The end-of-February Bristol show kick-starts the motorcycle season, leading up to the Pioneer Run at the end of March.
The Bristol show’s record crowd suffered through hour-long traffic jams from town, which shows how determined people were to see the hundreds of bikes on the club stands and the massive auto-jumble. Despite appalling late February weather, some brave souls came on two wheels, but others brought cars in case some bulky bargain presented itself.
Bargains are getting harder to find, though, as new old stock supplies dry up and riding season nears. At least this show no longer has an auction, so you don’t have to worry about somebody having the same dream as you. The bikes are in the auto-jumble and all you have to do is get there first.

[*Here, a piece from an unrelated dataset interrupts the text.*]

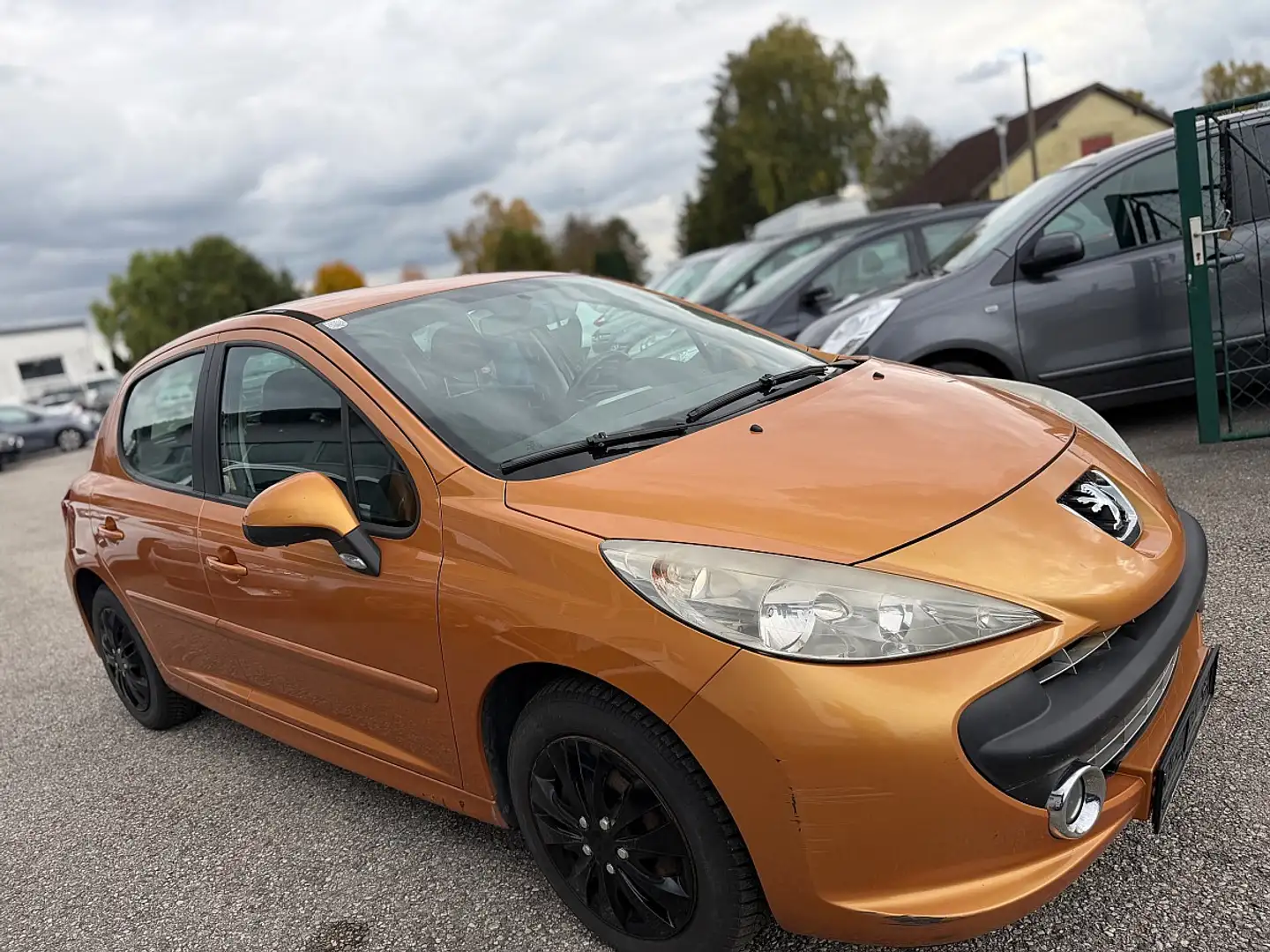 Peugeot 207 Active 1,6 HDi 90 Orange - 2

Most of the stands featured one marquee – from Ariel to Yamaha – along with general bike clubs, all trying to win best club stand award. This leads to some ingenious displays, like the Elvis display on the Harley-Davidson stand.
Previous winners of the trophy, the Malmesbury Classic Motorcycle Club came up with an Isle of Man TT theme, since 2011 is the centenary of the Mountain Course. The Royal Enfield club commemorated WW2 with a military display, while the Enfield Interceptor club mounted a large field gun replica above their stand, to evoke the marque’s tank badge.

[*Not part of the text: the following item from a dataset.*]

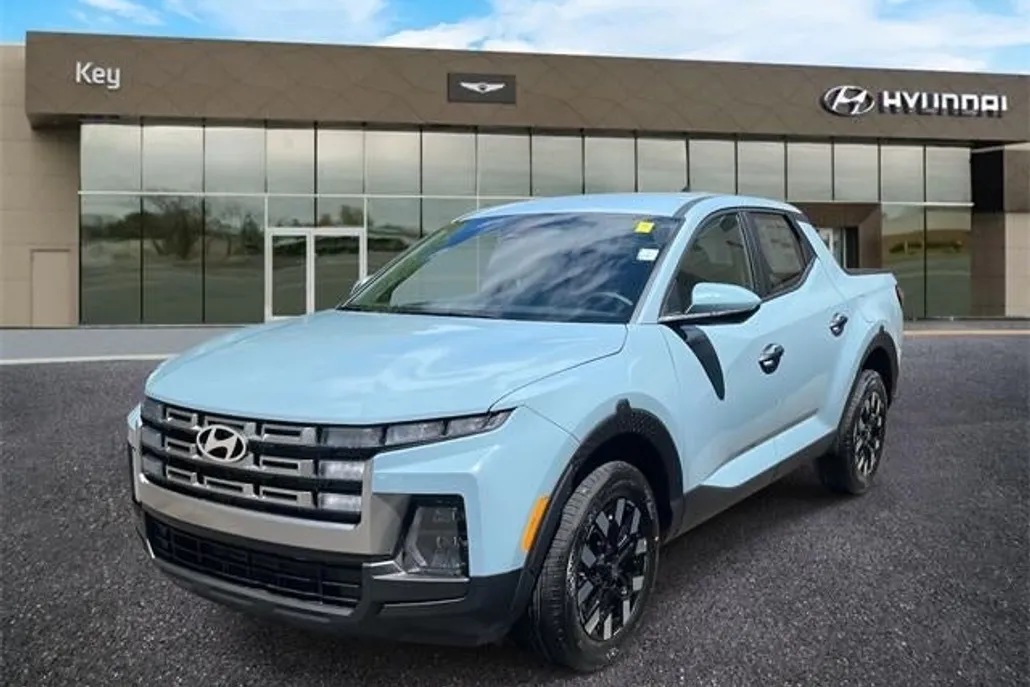 2025 Hyundai Santa Cruz SE photo 1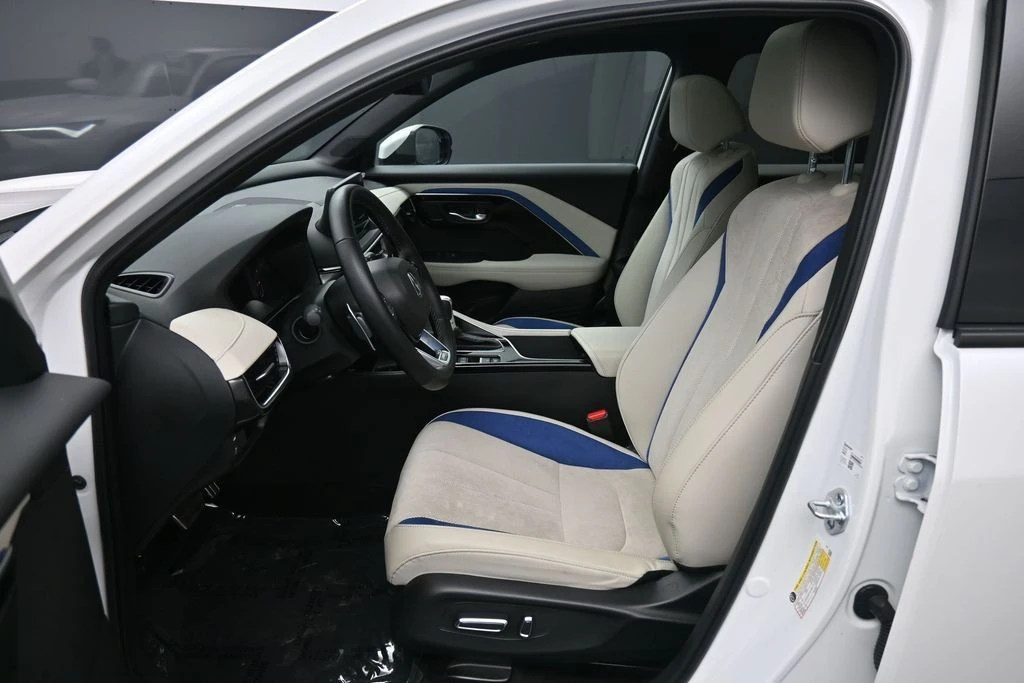 2025 Acura ADX - Image 19 of 31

The Vintage Scooter club celebrated Mods at the seaside, complete with a Punch-and-Judy show, but the New Imperial Owners Association scooped up the £750 first prize for their diorama, which included a replica of the company’s factory gates.
The single entry contest is always hard-fought and the Best of Show trophy was snagged by Shirl and Eric Coombs, with their restored Triumph Bonneville. Not just any old ‘Bonny’ either; it was a factory prototype used to iron out teething troubles before the bike went into production.

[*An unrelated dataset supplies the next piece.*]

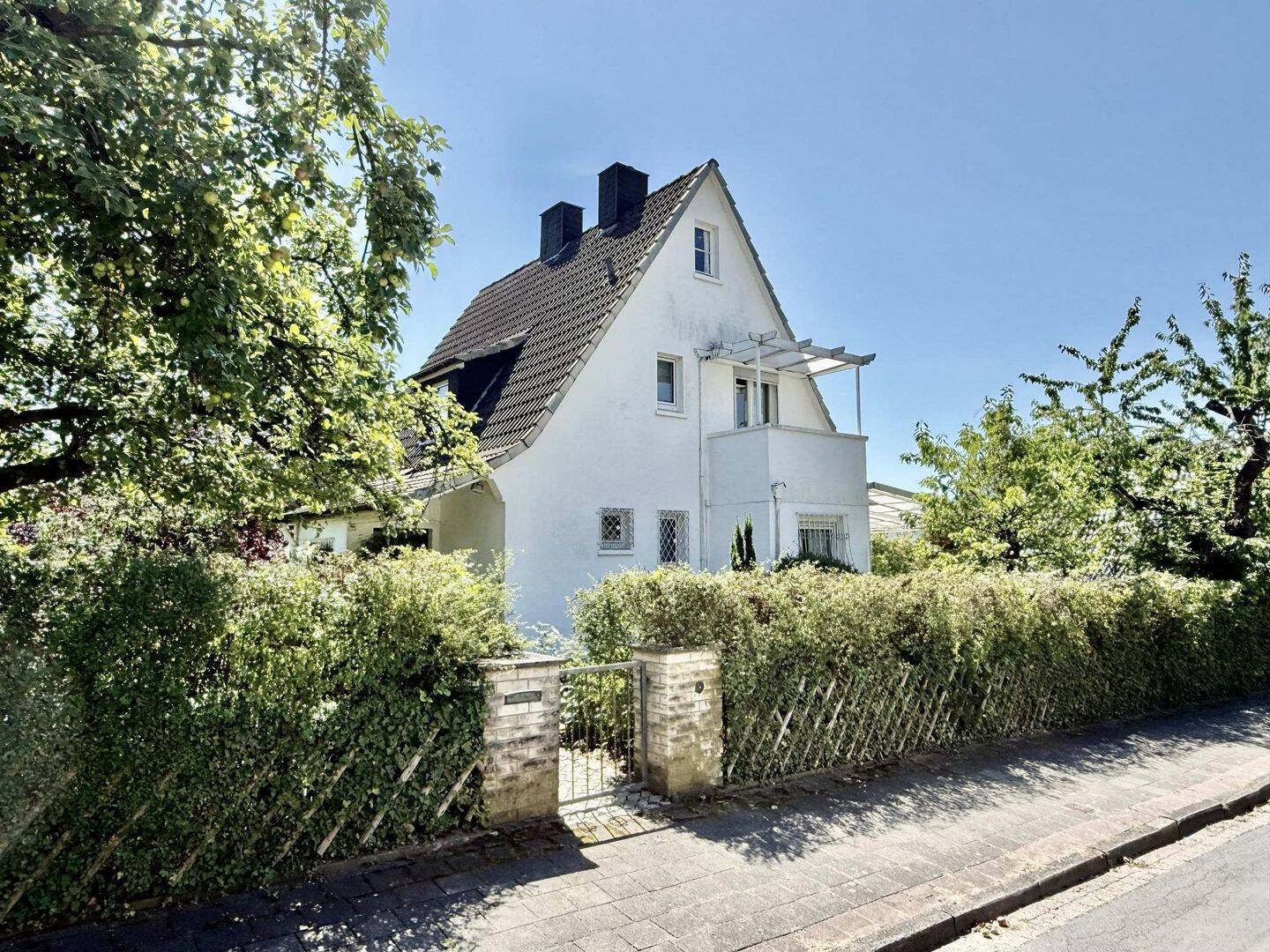 Wohnen mit Charakter – Charmantes Einfamilienhaus auf großem Sonnengrundstück in bevorzugter Wohnlage, 31812 Bad Pyrmont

Many clubs brought bikes from all eras, to cast the widest net for future members. By not discriminating against any type or age of bike, the club can attract more spectators to their stands. It is not all about big bikes either; some stands had bike models displayed and the large replica three-wheeled van on the Raleigh stand always attracts a lot of attention, especially from younger visitors.
With hundreds of bikes on display, you could trace the history of motorcycling up to the present. The standard of restorations continues to improve and some bikes have finishes that would do Rolls-Royce proud. The downside of this is that many good original bikes disappear beneath layers of new paint. They lose that patina of age and use and become merely works of art or just an investment.
Despite the recession and eBay, a large number of trade stands ensured a visitor could go home with a new crash helmet or set of clothing, not to mention the usual tool suppliers and insurance companies. Now all we need is warm weather and sunshine so bikes (and riders) can be exercised once again on the roads of the UK.